With healthcare providers continuing to prioritize both treatment effectiveness and quality of life outcomes, personalized devices designed to reduce complications and support uninterrupted care may become increasingly valuable across oncology settings. For patients undergoing demanding head and neck radiation therapy regimens, minimizing treatment interruptions while improving comfort and tissue protection remains a significant clinical objective.
Kallisio’s expanding collaboration with cancer centers such as Texas Cancer Institute highlights the growing momentum behind customized radiation therapy solutions and reflects a broader industry movement toward precision oncology technologies tailored to the individual needs of each patient.

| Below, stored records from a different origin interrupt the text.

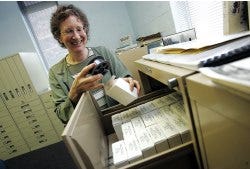 Photo by Amy Paterson/New Jersey Herald
 Reference librarian Susan McCabe talks about the microfilm archives kept at the main branch of the Sussex County Library in Frankford. McCabe helps patrons access the information they need whether its on microfilm, in a book or online.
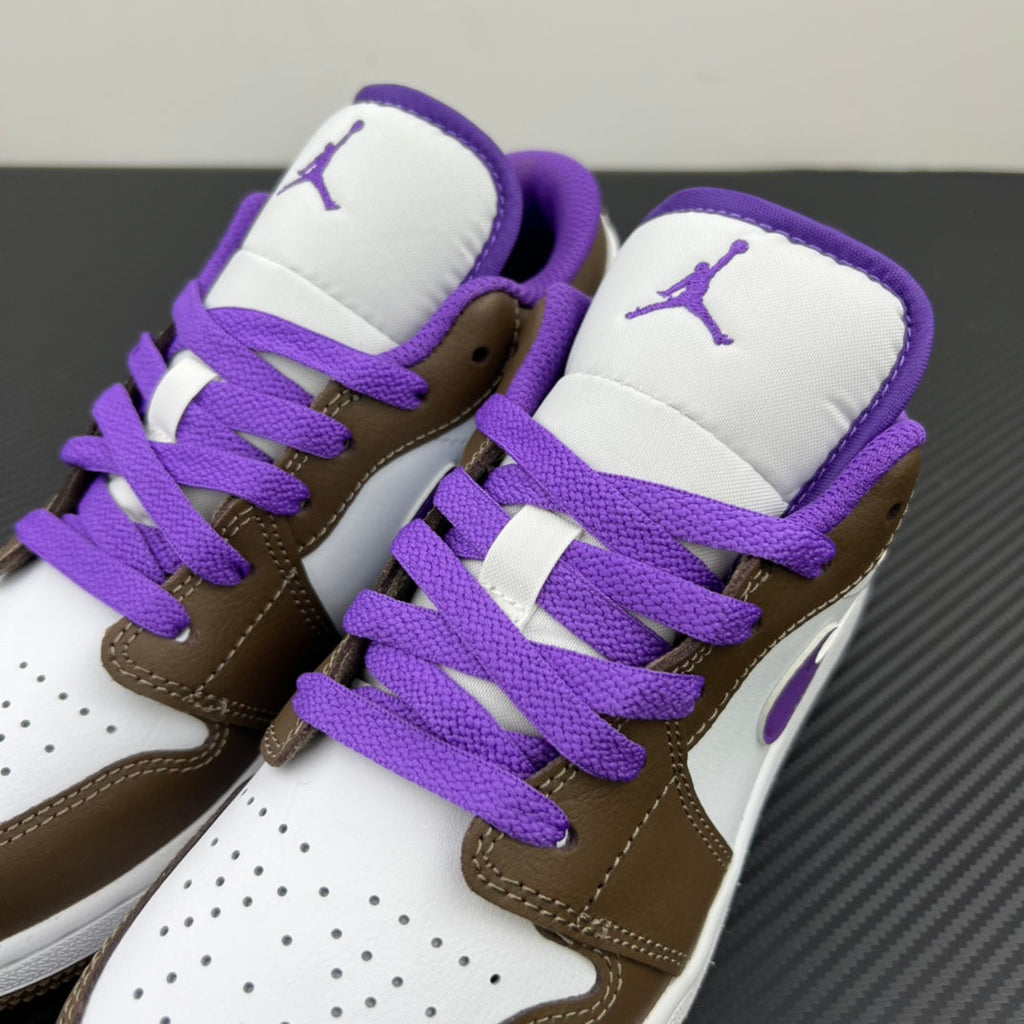 Low-top sneakers with brown quarters, white panels, and purple laces over tongue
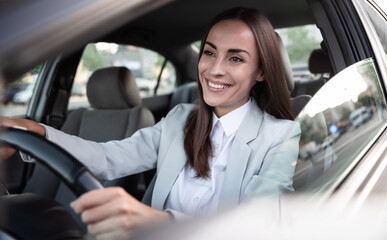 Obraz na płótnie Canvas Beautiful happy successful businesswoman is driving a new modern car in good mood. Portrait cute female driver steering car with safety belt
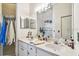 Bathroom featuring double sinks, a shower, and modern fixtures, designed for convenience and style at 5112 Parkway Blvd, Land O Lakes, FL 34639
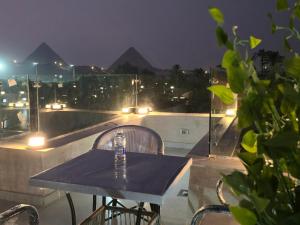 Bazén v ubytování Nakhil Pyramids Resort nebo v jeho okolí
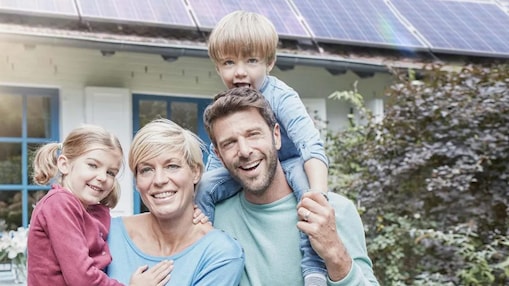 Eine Familie vor einem Haus mit Photovoltaik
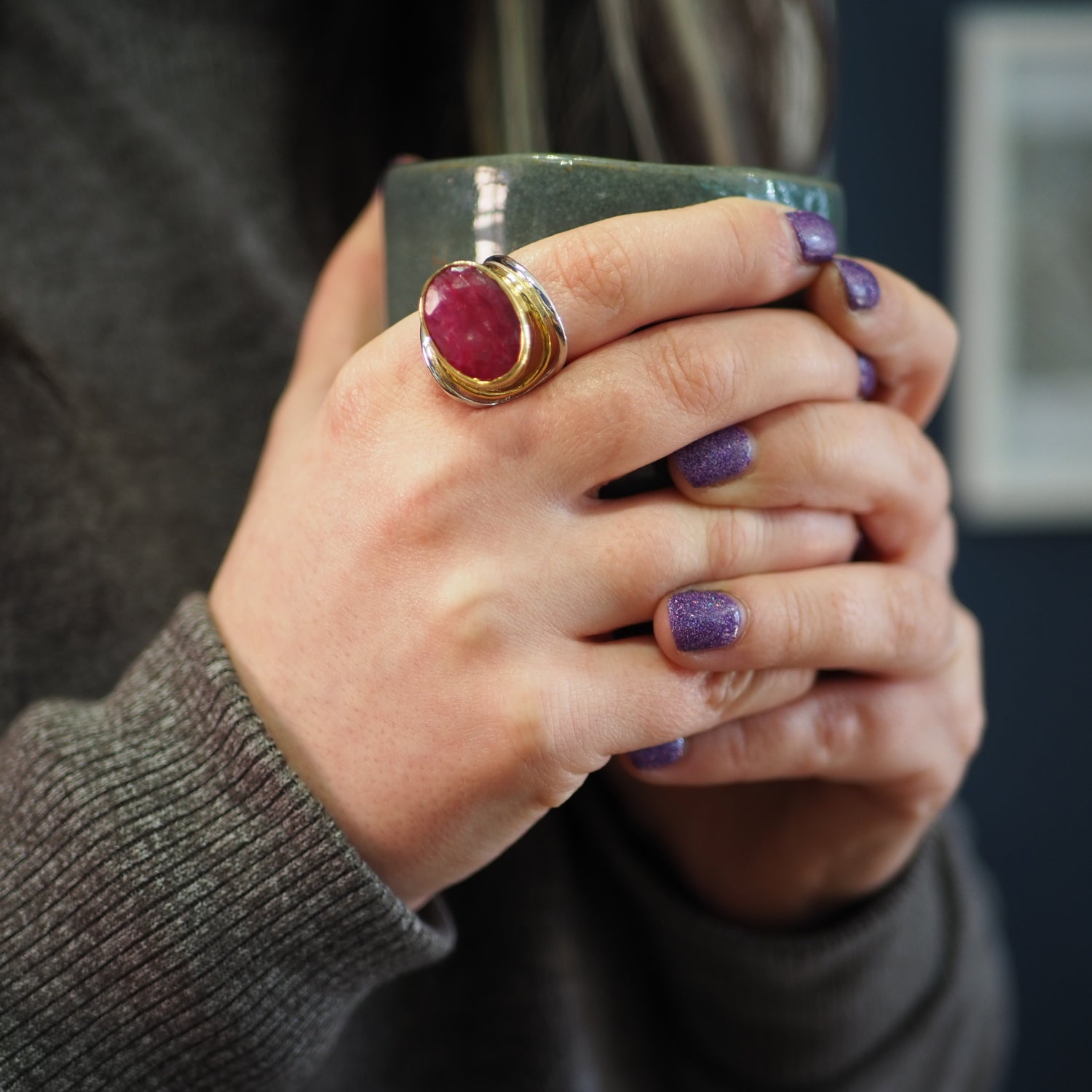 A person with purple glittery nails holds a green mug, wearing Gallardo & Blaine Designs' Party Ring with a red gemstone on an adjustable band, and is dressed in a gray sweater.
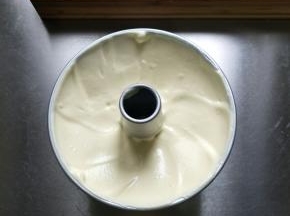 从30cm高处垂直将蛋糕糊倒入模具（这样可以摔碎蛋糕糊中的大气泡），我用的是17cm中空加高款，摁住边缘和烟囱，轻震一下震出内部气泡，用硅胶铲抹平表面…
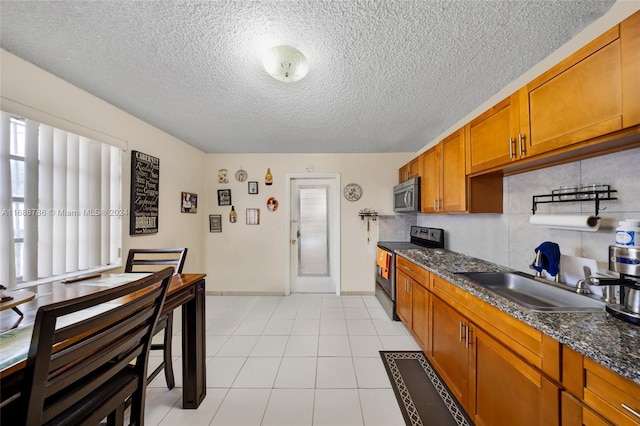 kitchen featuring dark stone counters, black / electric stove, sink, and a textured ceiling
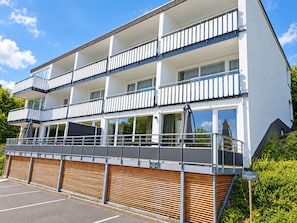 Un hôtel à plusieurs étages doté de balcons, d’un espace extérieur couvert aménagé en coin salon et d’un parking.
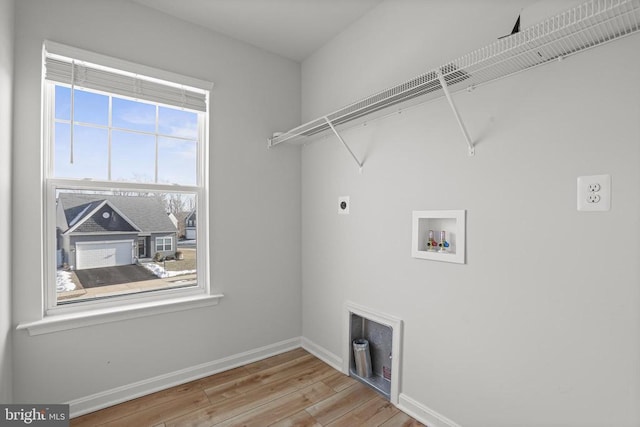 laundry room featuring hookup for a washing machine, light hardwood / wood-style floors, and hookup for an electric dryer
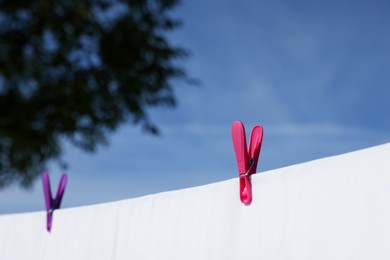 Photo of Laundry with clothes pins on line outdoors, closeup. Space for text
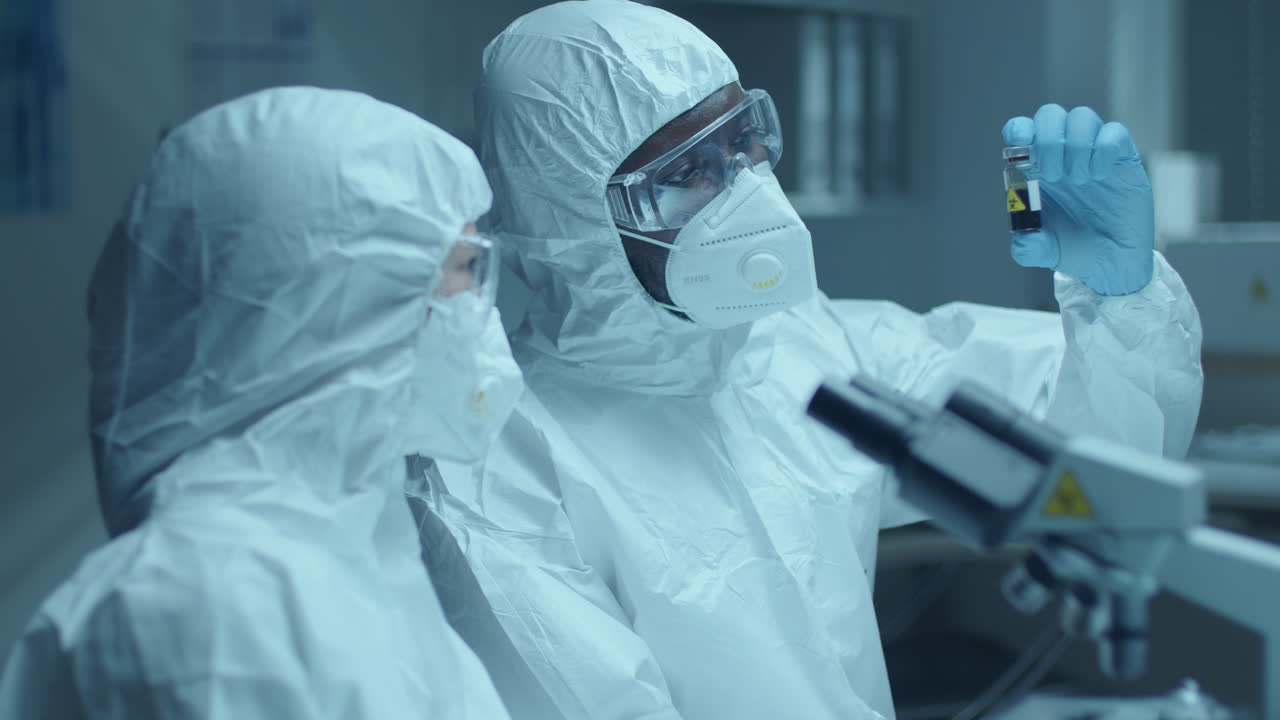 Two Scientists in Protective Uniform Discussing Blood Sample in Laboratory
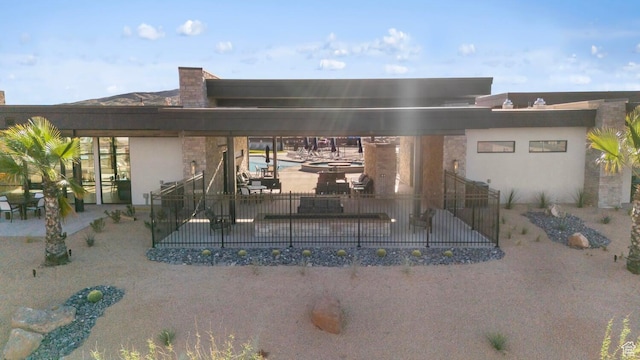 3719 E Padre Cv Unit 4092, Washington, UT 84780 - back of house featuring a patio and stucco siding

About Kallisio: Kallisio develops patient-specific systems that integrate into existing oncology workflows, leveraging digital design, additive manufacturing, and coordinated clinical processes to support precision treatment delivery across radiation, chemotherapy, cryotherapy, and drug delivery.
About TCI: TCI provides advanced, patient-centered radiation oncology care utilizing state-of-the-art TrueBeam and Edge technology to deliver highly precise, efficient treatments designed to improve outcomes, reduce side effects, and enhance the patient experience.